Reviewed by Andrew Rough
Amazing Treasures is a non-fiction book filled with a plethora of interesting treasure related information.
The book covers a wide variety of areas from ‘What makes a treasure?’ to ‘Sacred Treasures’, ‘Architectural Wonders’ and ‘Tomb Raiders.’ It really does cover a diverse range of subjects related to treasure. I hadn’t considered before looking at this book how wide-ranging and diverse the schema of ‘treasure’ could actually be.

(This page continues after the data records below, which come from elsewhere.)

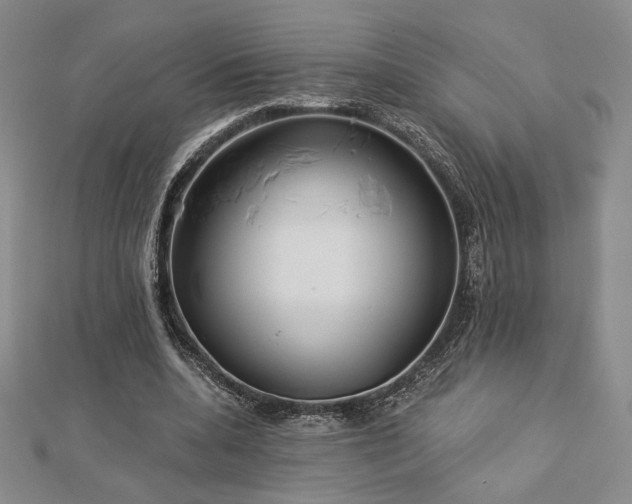 X0000113020536200908271435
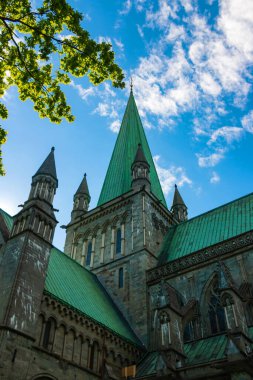 Nidaros Katedrali, (Nidarosdomen) Trondheim Norveç mavi gökyüzü arka planına sahip yeşil ağaçlar tarafından çerçevelenmiştir
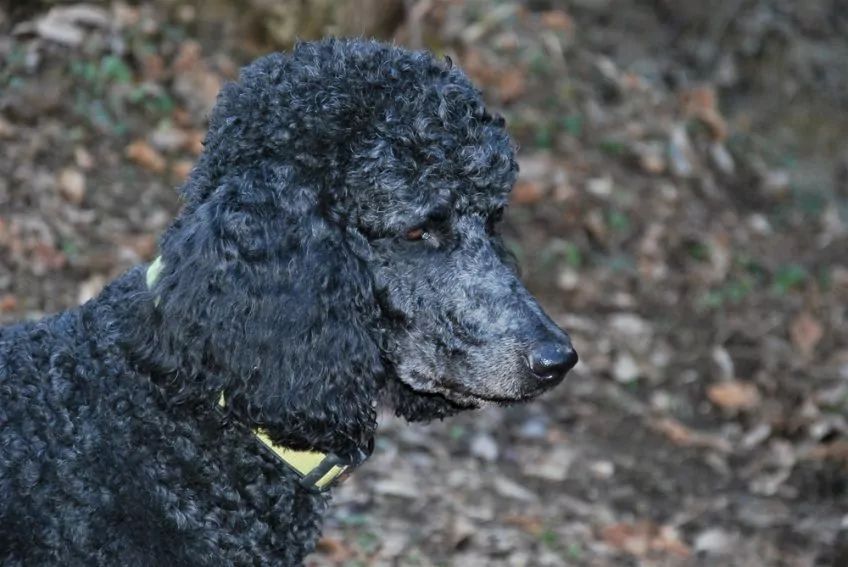 Głowa pudla dużego czarnego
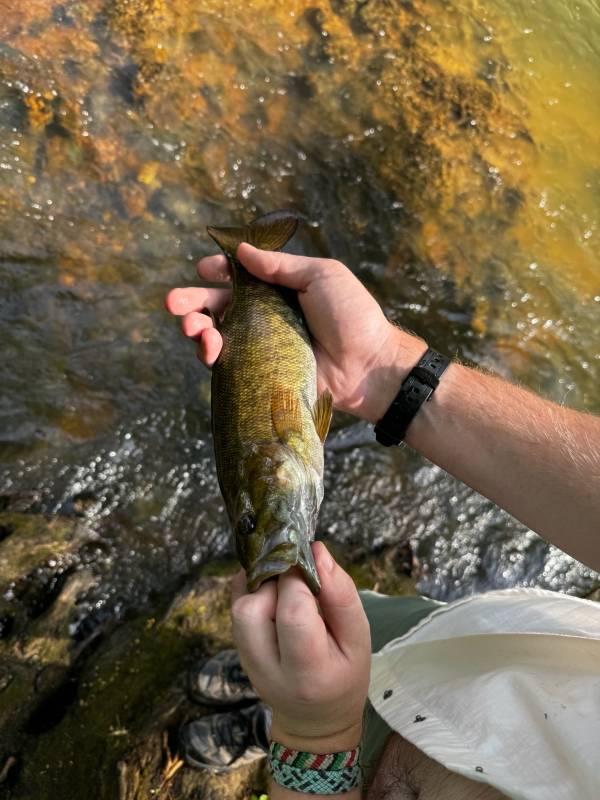 Smallmouth bass in Georgia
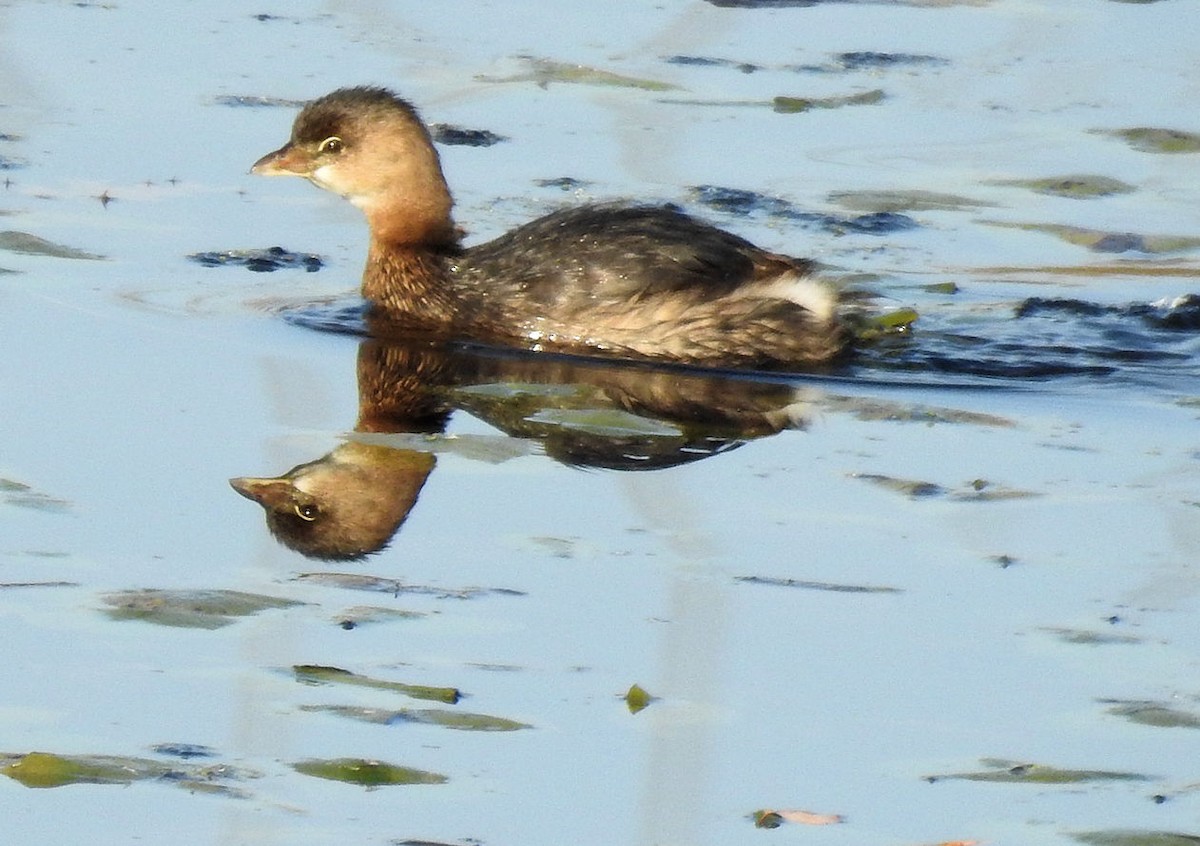 Pied-billed Grebe - Carolyn Longworth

I found this book an engaging read. It is presented in an attractive style with illustrations that took me back to my childhood, with the colour palette being reminiscent of books from the ’70s and ’80s, although this is a thoroughly modern book. Each two-page spread relates to a different theme and is easy to navigate with a mix of eye-catching illustrations and information boxes. One of the things I enjoyed most when reading was the diverse range of information and the ‘dip-ability’ of the book. It is very easy to pick it up and flick to a page at random and find something interesting that will then potentially lead you down a rabbit hole of wanting to find out more. Each entry in the book is well written and catchy, but short. This will appeal to more reluctant readers but may also encourage more enthusiastic readers (particularly enthusiasts of history and general knowledge) to go and find out more. For instance, there is a short entry on the Moai Heads of Easter Island, that could easily hook the reader into wanting to find out more about this fascinating mysterious treasure.
Like a lot of good non-fiction books, this book has a collaborative feel to it, in that I can easily see it being enjoyed by a group of children in a classroom or school library. Due to the nature of the short entries, there is plenty to explore and discuss. This book would be a good addition to a KS2 classroom or school library.